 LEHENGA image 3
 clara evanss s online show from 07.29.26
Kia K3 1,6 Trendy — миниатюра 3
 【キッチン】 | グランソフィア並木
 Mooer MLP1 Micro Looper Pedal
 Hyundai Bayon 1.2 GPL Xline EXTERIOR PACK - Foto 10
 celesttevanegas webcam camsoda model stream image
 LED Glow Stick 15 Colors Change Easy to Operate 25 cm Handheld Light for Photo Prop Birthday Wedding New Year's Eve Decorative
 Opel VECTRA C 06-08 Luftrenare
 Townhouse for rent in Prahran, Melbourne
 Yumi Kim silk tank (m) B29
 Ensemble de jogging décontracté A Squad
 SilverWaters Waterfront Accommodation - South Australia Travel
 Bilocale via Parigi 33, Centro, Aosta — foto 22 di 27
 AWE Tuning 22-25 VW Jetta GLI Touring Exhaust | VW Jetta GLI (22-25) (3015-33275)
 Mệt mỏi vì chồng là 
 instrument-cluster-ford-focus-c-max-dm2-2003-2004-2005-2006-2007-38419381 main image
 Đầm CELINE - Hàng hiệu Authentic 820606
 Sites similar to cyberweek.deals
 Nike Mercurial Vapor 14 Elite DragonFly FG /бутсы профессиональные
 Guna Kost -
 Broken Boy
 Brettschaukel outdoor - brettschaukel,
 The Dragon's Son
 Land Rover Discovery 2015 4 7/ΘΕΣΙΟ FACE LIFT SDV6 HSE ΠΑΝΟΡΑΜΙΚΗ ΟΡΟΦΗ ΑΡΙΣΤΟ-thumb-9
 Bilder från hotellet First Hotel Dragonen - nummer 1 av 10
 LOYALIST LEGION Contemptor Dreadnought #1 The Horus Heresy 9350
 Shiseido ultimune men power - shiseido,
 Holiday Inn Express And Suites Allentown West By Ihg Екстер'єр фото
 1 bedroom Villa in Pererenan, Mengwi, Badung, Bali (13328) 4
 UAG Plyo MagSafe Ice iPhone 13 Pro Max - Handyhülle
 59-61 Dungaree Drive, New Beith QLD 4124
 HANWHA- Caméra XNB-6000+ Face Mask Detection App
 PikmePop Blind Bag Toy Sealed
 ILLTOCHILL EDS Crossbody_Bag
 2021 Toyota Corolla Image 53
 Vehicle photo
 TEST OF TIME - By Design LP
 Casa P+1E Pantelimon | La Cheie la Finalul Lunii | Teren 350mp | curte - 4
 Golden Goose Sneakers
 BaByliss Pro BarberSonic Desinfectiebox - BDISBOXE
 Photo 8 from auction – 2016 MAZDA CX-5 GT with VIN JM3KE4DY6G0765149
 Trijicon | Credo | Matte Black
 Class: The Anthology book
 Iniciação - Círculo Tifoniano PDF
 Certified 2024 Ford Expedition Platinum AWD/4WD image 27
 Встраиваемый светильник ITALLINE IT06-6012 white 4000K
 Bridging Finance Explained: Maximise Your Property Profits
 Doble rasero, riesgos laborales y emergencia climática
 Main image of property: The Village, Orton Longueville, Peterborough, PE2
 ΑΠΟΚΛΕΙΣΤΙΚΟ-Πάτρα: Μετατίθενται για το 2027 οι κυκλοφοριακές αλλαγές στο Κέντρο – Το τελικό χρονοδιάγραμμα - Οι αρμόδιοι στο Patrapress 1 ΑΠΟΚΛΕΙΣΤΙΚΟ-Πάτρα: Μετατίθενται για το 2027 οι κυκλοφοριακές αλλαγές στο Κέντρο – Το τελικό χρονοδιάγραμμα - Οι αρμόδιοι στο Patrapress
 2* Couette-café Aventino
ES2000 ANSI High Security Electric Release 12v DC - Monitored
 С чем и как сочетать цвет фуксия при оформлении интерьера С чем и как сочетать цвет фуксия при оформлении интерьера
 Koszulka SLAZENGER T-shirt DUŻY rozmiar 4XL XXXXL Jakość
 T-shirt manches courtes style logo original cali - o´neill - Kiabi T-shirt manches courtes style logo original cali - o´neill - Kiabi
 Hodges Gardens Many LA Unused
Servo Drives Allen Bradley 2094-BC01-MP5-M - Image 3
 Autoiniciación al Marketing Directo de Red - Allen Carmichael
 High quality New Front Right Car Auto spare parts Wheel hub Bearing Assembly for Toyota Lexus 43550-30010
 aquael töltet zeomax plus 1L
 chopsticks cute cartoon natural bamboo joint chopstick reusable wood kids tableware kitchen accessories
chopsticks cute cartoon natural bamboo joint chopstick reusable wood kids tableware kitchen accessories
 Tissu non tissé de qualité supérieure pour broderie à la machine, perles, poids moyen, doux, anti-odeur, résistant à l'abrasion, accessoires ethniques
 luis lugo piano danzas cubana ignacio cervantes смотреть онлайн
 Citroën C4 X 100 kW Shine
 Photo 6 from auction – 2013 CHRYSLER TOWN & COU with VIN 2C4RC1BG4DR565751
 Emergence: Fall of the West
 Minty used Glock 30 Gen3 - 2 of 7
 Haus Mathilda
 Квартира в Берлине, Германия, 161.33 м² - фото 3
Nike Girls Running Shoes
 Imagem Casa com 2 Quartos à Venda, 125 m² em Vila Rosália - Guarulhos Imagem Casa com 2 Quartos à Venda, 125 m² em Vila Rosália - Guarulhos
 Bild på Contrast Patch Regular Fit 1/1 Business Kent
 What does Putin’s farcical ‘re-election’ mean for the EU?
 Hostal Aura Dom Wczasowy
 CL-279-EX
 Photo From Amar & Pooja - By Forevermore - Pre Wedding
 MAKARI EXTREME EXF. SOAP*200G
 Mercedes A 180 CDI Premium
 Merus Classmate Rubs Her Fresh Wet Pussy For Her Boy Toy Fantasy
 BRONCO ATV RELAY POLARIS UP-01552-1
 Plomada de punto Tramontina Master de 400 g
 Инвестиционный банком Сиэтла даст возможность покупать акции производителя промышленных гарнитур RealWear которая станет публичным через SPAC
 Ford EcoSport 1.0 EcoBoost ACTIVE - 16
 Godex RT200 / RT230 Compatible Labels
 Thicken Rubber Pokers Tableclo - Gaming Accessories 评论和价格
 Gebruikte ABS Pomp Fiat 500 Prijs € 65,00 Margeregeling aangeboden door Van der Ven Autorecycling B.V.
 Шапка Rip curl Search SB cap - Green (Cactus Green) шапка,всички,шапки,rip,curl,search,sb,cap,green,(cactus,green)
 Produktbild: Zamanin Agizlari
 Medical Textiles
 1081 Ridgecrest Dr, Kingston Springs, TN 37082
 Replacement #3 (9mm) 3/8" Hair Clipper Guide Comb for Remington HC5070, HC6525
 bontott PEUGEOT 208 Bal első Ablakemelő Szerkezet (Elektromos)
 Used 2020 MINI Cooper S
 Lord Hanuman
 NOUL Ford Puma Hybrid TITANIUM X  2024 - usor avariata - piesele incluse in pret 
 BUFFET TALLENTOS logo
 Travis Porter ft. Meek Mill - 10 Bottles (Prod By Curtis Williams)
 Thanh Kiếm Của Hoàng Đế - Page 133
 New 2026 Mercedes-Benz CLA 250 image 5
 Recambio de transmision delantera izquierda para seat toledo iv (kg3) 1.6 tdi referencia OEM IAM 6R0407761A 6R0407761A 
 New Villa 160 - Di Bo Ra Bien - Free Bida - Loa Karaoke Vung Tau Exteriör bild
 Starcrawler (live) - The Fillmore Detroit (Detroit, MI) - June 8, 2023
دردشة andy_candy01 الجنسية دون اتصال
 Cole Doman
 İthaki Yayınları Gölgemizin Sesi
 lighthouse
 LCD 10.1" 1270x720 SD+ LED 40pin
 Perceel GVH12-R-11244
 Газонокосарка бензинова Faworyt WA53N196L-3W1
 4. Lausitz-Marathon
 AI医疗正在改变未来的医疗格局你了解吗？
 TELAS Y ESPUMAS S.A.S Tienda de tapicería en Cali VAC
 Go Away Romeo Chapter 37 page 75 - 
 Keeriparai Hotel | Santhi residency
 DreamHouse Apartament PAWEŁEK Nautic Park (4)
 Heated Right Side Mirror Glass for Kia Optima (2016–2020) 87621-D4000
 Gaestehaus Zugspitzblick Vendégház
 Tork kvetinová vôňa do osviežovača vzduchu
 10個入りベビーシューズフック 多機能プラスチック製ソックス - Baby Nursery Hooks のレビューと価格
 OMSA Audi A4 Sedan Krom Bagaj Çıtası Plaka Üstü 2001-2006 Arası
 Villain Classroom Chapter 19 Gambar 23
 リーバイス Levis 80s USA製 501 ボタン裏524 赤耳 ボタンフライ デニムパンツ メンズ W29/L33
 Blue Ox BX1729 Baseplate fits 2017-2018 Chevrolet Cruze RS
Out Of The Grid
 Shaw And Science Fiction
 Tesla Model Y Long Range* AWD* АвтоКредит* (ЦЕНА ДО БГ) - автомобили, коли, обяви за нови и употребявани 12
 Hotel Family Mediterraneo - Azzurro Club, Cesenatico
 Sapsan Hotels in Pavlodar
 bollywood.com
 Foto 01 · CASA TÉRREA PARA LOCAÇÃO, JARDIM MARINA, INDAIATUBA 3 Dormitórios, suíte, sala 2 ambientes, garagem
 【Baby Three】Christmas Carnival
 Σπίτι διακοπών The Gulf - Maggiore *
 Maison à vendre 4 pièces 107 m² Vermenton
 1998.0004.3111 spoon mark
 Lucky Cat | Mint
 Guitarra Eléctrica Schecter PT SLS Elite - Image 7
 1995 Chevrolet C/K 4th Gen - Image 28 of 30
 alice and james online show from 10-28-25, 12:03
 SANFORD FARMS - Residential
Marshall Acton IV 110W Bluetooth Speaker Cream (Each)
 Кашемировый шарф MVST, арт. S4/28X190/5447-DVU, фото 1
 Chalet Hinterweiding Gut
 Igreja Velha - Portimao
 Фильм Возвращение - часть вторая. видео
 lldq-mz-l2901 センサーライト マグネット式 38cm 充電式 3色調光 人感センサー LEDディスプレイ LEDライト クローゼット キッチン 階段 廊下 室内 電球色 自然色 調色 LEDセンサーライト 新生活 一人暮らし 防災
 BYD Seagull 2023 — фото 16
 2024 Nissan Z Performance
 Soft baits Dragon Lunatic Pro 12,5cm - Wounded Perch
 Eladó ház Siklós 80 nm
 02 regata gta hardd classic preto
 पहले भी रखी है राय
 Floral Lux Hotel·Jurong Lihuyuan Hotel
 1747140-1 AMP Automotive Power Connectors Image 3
- - -
Exercise requirements: When you reach the line with "Bridging Finance Explained: Maximise" in the records above, start writing out lines exactly, and stop once the line with "Autoiniciación al Marketing" has been written; include nothing else.

Response to this task:
 Bridging Finance Explained: Maximise Your Property Profits
 Doble rasero, riesgos laborales y emergencia climática
 Main image of property: The Village, Orton Longueville, Peterborough, PE2
 ΑΠΟΚΛΕΙΣΤΙΚΟ-Πάτρα: Μετατίθενται για το 2027 οι κυκλοφοριακές αλλαγές στο Κέντρο – Το τελικό χρονοδιάγραμμα - Οι αρμόδιοι στο Patrapress 1 ΑΠΟΚΛΕΙΣΤΙΚΟ-Πάτρα: Μετατίθενται για το 2027 οι κυκλοφοριακές αλλαγές στο Κέντρο – Το τελικό χρονοδιάγραμμα - Οι αρμόδιοι στο Patrapress
 2* Couette-café Aventino
ES2000 ANSI High Security Electric Release 12v DC - Monitored
 С чем и как сочетать цвет фуксия при оформлении интерьера С чем и как сочетать цвет фуксия при оформлении интерьера
 Koszulka SLAZENGER T-shirt DUŻY rozmiar 4XL XXXXL Jakość
 T-shirt manches courtes style logo original cali - o´neill - Kiabi T-shirt manches courtes style logo original cali - o´neill - Kiabi
 Hodges Gardens Many LA Unused
Servo Drives Allen Bradley 2094-BC01-MP5-M - Image 3
 Autoiniciación al Marketing Directo de Red - Allen Carmichael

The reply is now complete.